You can also specify the priority of grammars in a wrapper, a feature known as override grammars because it gives some grammars precedence over others. Instead of activating the grammars in parallel, the wrapper activates them in order of precedence. For example, if a higher priority SRGS grammar has a successful parse at runtime, Recognizer would ignore a lower priority SSM. The SSM would then not be used unless the SRGS grammar failed to match.
You do not need override grammars when your training files are large and very representative of your meanings. However, they are very useful for:
- Fallback strategy: Providing an SRGS grammar to recognize predicted utterances, and an SSM as a fallback to capture unpredictable utterances.
- Performance strategy: Attempting recognition with an SRGS grammar first, because the CPU and memory costs are less. This is identical to the fallback strategy, but with a different purpose.

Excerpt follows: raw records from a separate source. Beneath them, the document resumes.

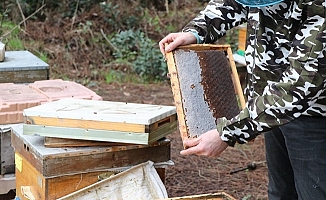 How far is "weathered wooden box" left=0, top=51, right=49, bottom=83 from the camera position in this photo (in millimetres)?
4047

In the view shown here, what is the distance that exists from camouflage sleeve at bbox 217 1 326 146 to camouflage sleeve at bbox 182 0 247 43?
1.76 feet

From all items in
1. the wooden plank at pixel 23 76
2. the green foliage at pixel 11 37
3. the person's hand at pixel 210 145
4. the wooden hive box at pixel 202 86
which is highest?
the wooden hive box at pixel 202 86

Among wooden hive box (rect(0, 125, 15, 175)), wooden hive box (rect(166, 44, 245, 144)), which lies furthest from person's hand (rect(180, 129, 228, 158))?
wooden hive box (rect(0, 125, 15, 175))

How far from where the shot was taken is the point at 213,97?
106 inches

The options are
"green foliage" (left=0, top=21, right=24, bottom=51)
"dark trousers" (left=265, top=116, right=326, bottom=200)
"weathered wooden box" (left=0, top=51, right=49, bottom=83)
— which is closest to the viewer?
"dark trousers" (left=265, top=116, right=326, bottom=200)

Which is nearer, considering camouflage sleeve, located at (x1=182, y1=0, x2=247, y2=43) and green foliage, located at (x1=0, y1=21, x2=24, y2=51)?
camouflage sleeve, located at (x1=182, y1=0, x2=247, y2=43)

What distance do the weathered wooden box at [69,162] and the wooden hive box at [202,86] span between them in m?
0.48

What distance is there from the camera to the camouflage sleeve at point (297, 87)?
2.02 m

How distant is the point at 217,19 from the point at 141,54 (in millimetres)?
5703

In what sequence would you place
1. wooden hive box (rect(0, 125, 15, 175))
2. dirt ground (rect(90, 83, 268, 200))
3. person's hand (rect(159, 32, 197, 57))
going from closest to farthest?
person's hand (rect(159, 32, 197, 57)) → wooden hive box (rect(0, 125, 15, 175)) → dirt ground (rect(90, 83, 268, 200))

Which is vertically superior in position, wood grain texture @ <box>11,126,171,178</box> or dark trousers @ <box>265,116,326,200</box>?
dark trousers @ <box>265,116,326,200</box>

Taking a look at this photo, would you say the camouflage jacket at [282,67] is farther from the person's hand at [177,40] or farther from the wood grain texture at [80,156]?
the wood grain texture at [80,156]

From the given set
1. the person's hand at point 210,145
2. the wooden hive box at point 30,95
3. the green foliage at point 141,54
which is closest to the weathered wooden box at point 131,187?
the person's hand at point 210,145

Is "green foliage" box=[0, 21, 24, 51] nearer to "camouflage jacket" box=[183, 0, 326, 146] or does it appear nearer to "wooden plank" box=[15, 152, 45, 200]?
"wooden plank" box=[15, 152, 45, 200] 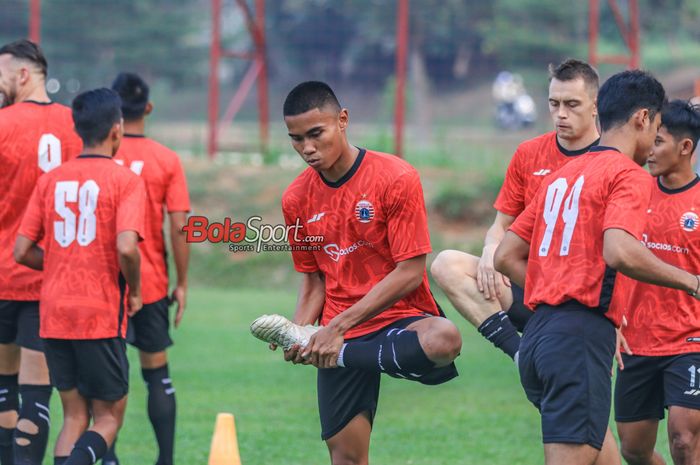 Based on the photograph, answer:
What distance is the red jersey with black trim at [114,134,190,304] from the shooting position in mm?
7879

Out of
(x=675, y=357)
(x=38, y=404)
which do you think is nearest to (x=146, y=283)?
(x=38, y=404)

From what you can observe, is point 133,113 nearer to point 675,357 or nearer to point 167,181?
point 167,181

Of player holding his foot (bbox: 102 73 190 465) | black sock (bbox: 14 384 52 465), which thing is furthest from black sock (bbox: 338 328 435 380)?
player holding his foot (bbox: 102 73 190 465)

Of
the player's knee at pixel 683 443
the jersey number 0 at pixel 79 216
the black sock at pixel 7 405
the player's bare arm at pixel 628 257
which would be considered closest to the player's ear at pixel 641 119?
the player's bare arm at pixel 628 257

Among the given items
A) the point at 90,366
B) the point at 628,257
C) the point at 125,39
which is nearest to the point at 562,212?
the point at 628,257

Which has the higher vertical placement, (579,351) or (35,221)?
(35,221)

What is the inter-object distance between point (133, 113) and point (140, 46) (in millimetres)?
17089

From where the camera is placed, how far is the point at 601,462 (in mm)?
5195

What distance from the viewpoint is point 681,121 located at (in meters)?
6.18

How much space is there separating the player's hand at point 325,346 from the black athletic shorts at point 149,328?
7.84 ft

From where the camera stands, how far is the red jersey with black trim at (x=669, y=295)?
6.12m

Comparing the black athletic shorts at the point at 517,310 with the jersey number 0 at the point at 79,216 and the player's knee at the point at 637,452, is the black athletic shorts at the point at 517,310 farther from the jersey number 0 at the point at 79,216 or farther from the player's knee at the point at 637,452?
the jersey number 0 at the point at 79,216

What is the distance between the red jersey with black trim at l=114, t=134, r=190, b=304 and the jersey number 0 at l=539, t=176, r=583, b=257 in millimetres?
3510

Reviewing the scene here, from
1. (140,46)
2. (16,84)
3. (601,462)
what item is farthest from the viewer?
(140,46) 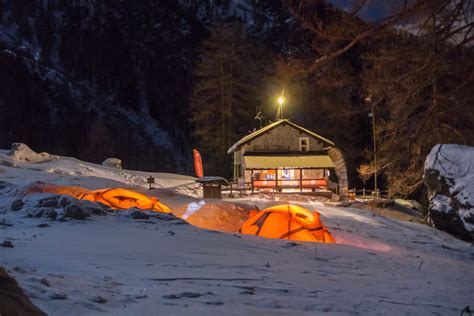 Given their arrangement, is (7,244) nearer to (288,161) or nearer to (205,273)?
(205,273)

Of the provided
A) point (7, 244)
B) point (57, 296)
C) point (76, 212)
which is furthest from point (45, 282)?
point (76, 212)

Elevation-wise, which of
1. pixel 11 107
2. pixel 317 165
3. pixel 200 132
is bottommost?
pixel 317 165

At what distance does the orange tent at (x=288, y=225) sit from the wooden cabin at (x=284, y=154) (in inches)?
866

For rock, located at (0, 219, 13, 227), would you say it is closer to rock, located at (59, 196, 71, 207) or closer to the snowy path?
the snowy path

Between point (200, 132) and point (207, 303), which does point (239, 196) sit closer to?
point (200, 132)

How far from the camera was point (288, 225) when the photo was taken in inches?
468

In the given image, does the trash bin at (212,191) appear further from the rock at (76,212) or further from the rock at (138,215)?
the rock at (76,212)

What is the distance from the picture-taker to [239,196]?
28828mm

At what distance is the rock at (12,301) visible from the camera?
2.85 metres

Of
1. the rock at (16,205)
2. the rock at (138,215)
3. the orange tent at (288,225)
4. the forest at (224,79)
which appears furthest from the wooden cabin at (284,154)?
the rock at (16,205)

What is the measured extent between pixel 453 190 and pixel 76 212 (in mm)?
12328

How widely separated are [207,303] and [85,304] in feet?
3.73

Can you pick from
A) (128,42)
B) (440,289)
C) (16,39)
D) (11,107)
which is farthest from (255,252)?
(16,39)

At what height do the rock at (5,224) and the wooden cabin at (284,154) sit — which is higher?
the wooden cabin at (284,154)
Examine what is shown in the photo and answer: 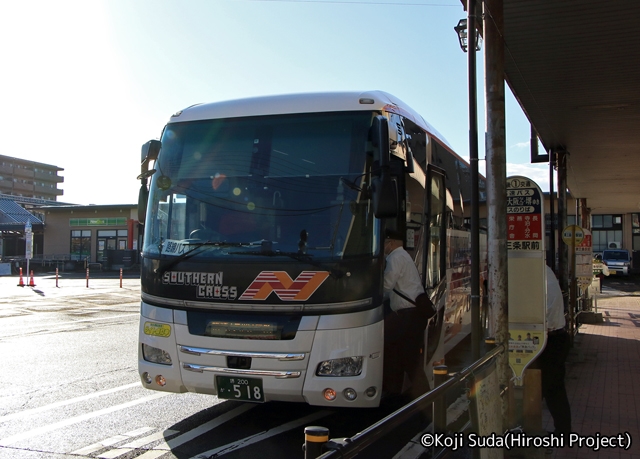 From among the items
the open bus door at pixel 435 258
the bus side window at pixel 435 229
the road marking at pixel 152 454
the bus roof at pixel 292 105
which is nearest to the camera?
the road marking at pixel 152 454

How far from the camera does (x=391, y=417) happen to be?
9.00 ft

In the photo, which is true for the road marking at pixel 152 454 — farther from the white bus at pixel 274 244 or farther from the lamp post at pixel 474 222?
the lamp post at pixel 474 222

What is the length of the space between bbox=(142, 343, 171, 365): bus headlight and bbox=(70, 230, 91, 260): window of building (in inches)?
1951

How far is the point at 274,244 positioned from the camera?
5.64m

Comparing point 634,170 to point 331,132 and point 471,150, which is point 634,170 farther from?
point 331,132

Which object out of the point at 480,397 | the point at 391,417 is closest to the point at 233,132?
the point at 480,397

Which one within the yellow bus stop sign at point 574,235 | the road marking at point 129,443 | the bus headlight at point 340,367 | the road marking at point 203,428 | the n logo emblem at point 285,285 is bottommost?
the road marking at point 203,428

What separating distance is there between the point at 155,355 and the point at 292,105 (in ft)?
9.59

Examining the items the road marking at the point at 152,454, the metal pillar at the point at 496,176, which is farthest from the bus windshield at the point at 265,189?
the road marking at the point at 152,454

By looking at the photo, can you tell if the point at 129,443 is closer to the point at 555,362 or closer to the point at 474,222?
the point at 555,362

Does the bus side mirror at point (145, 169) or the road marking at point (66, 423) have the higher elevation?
the bus side mirror at point (145, 169)

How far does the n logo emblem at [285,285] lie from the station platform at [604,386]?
254 centimetres

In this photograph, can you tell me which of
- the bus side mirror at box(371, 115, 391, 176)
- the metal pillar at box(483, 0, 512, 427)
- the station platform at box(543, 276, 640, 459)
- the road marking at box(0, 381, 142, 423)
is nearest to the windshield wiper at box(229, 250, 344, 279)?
the bus side mirror at box(371, 115, 391, 176)

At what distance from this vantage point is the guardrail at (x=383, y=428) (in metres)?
2.33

- Compensation strategy for smaller training files: Adding rules for interpretations (slot-value destination pairs) that are not well-represented in the training data set because of low frequency or small training set size.

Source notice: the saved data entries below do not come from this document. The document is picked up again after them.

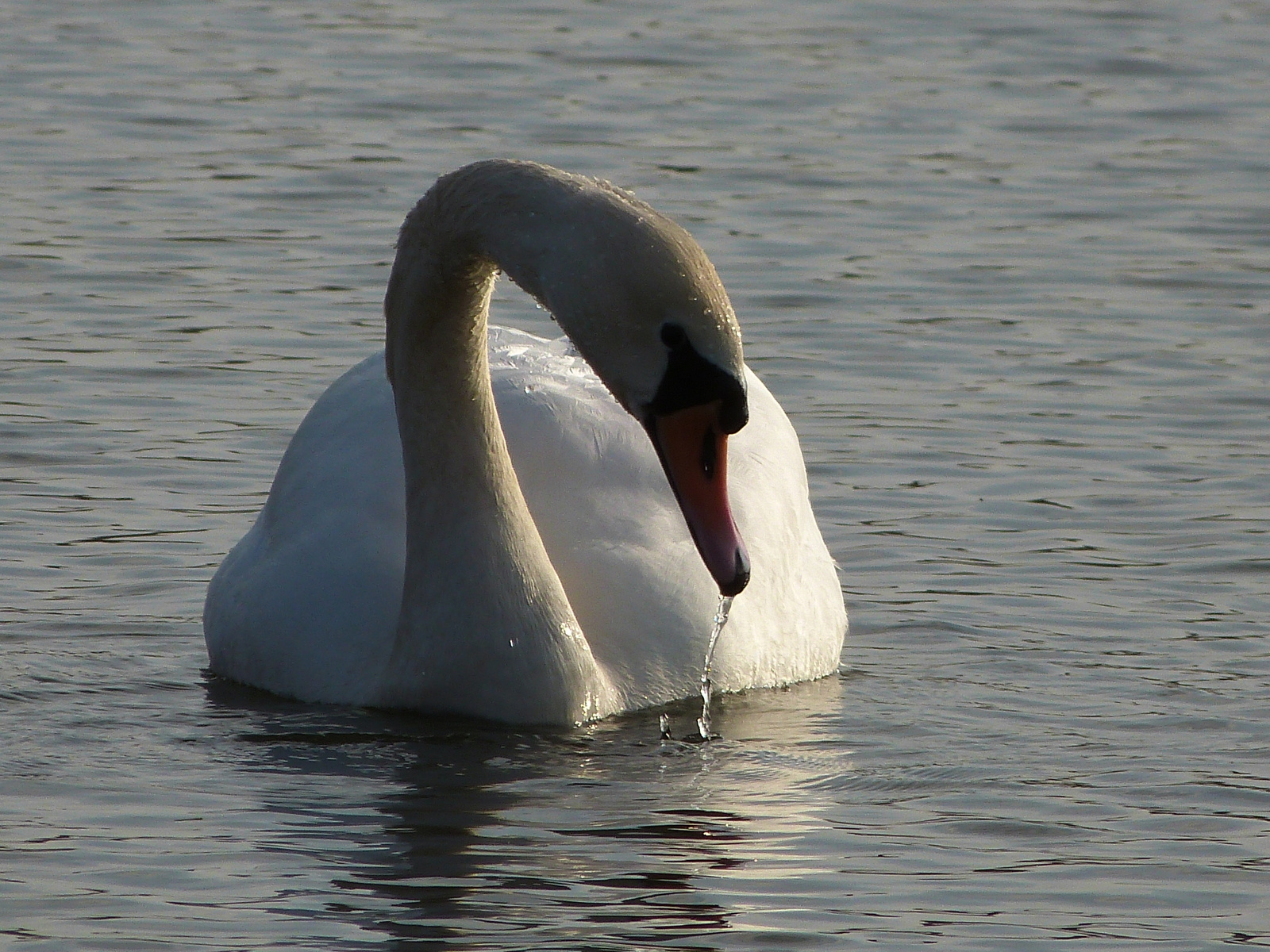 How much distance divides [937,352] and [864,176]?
3.35m

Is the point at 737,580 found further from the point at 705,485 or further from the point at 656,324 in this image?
the point at 656,324

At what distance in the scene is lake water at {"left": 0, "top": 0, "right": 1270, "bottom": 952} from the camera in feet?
22.4

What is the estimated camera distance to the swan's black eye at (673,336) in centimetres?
690

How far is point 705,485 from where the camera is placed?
23.6ft

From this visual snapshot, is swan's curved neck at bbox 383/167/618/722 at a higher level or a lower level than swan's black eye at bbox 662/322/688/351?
lower

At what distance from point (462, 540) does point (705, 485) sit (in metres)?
1.09

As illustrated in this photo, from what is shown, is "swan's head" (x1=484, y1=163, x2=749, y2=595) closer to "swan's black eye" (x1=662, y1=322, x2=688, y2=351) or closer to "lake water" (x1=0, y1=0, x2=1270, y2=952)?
"swan's black eye" (x1=662, y1=322, x2=688, y2=351)

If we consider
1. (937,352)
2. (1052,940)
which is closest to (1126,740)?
(1052,940)

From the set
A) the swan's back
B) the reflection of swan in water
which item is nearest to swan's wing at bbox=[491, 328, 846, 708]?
the swan's back

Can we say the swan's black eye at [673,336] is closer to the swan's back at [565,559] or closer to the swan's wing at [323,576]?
the swan's back at [565,559]

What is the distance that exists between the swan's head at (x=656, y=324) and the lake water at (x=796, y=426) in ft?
2.58

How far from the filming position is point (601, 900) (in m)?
6.61

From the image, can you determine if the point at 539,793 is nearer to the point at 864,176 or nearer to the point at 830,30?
the point at 864,176

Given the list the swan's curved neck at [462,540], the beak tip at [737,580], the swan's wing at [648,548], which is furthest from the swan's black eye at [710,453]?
the swan's wing at [648,548] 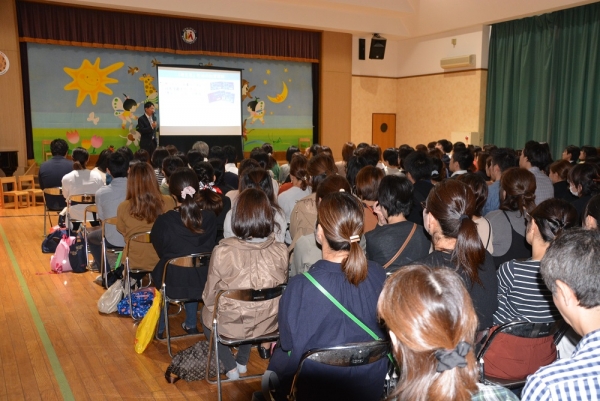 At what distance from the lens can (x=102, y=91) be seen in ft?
37.1

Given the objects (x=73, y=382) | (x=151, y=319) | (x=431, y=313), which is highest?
(x=431, y=313)

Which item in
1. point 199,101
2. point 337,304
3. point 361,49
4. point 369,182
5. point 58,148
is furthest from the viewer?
point 361,49

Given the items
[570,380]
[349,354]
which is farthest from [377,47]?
[570,380]

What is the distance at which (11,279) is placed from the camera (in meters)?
5.21

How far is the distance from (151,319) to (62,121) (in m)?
8.86

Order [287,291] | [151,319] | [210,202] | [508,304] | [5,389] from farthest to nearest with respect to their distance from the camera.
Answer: [210,202] < [151,319] < [5,389] < [508,304] < [287,291]

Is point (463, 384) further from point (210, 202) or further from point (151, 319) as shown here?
point (210, 202)

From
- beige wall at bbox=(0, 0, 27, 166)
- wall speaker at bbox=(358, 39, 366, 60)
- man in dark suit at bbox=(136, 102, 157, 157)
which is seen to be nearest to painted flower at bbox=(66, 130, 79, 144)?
beige wall at bbox=(0, 0, 27, 166)

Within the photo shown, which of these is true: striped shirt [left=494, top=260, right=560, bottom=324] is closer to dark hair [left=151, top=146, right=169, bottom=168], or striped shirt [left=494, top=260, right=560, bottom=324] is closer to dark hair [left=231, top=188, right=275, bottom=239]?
dark hair [left=231, top=188, right=275, bottom=239]

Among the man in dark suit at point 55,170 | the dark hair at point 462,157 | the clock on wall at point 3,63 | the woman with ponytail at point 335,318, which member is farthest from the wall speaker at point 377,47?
the woman with ponytail at point 335,318

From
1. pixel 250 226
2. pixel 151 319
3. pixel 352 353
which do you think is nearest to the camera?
pixel 352 353

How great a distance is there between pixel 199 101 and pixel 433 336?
11641 millimetres

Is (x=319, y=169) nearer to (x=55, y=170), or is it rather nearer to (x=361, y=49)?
(x=55, y=170)

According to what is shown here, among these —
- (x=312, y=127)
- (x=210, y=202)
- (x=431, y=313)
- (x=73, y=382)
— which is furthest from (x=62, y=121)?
(x=431, y=313)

- Dynamic strategy for a changing application: For example, you could use dynamic override grammars to add phrases that a caller might say in response to a temporary promotional commercial or to include new meanings that haven’t been trained yet.
- Tuning strategy: Add an SRGS grammar to an existing SSM to handle evolving application needs. For example, after deploying an SSM you might detect new utterances that are not anticipated by the SSM. Instead of re-writing and re-training the SSM, you could write an SRGS grammar to cover the new sentences. For this scenario, you might reverse the priority of the grammars: first attempt recognition with the SSM, then the SRGS.
- Fixing common errors that persist after you’ve trained the SSM: Generalizations of common errors in the training set are good candidates for override grammars. (However, long utterances in the training data set that are unlikely to occur again are not good candidates for override rules.)
- Personalization: For example, you could use caller-dependant, dynamic override grammars to cover phrases that are more likely for a specific caller.
- Commands: For example, you could add universal command phrases.
Override grammars are always optional. If used, you normally add them after adding interpretation features. The interpretation features improve the performance of the SSM classifier, while the override grammars improve the performance of the application. For information on interpretation features, see Feature extraction and ECMAScript. See Wrapping SSMs with override grammars.